WORK ITEM:
Go through the listing below and retype exactly the lines starting at the one with "Kevin Costner - Vintage Photograph" and ending at the one with "Post Mod Sculptural Clock", skipping pictures.

INPUT DATA:
◇ ◇ ◇ ◇ ◇

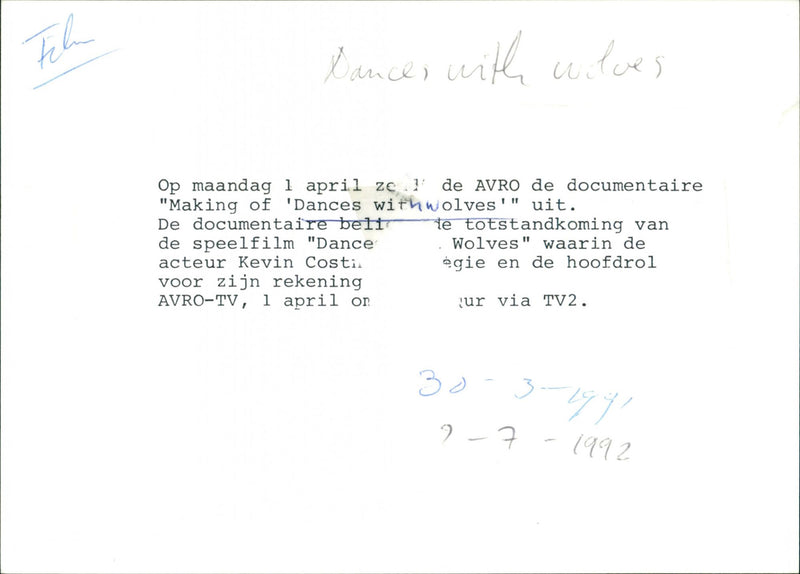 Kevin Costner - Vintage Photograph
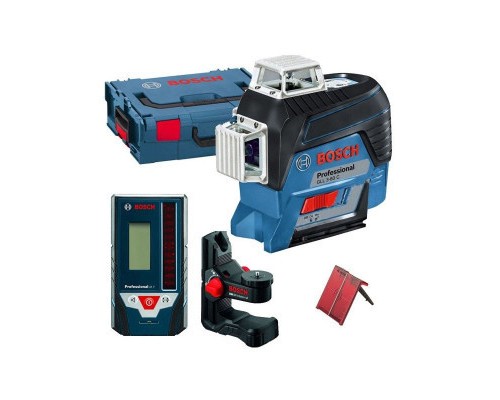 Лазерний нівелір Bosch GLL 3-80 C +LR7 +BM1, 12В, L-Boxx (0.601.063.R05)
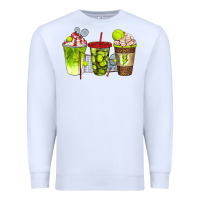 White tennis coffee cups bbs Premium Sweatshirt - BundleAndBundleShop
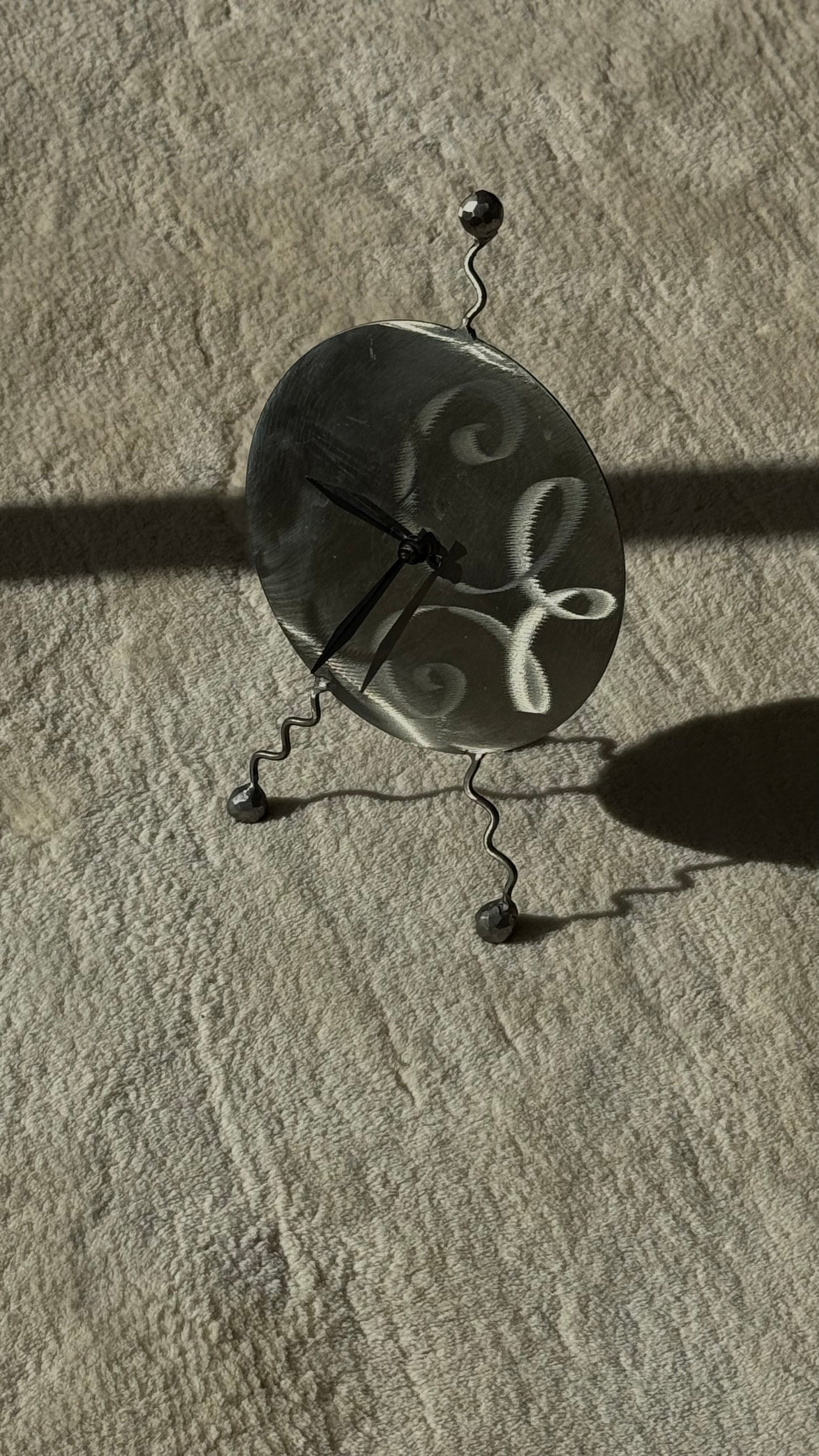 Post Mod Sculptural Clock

◇ ◇ ◇ ◇ ◇

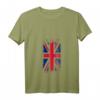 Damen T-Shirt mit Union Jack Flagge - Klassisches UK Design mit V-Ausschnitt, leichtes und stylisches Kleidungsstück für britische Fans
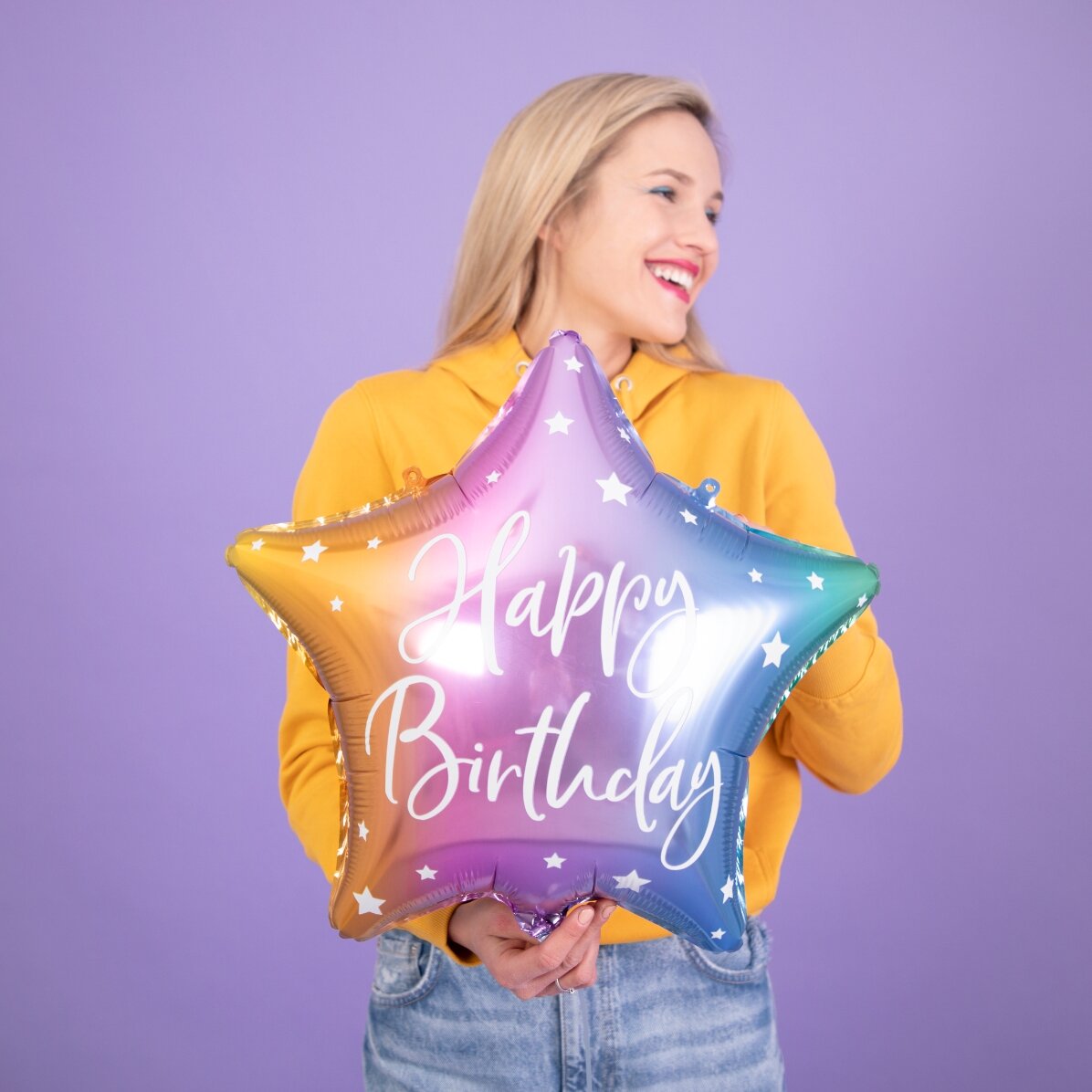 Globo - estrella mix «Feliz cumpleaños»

◇ ◇ ◇ ◇ ◇

ANSWER TO THIS EXERCISE:
 Kevin Costner - Vintage Photograph
 Лазерний нівелір Bosch GLL 3-80 C +LR7 +BM1, 12В, L-Boxx (0.601.063.R05)
 White tennis coffee cups bbs Premium Sweatshirt - BundleAndBundleShop
 Post Mod Sculptural Clock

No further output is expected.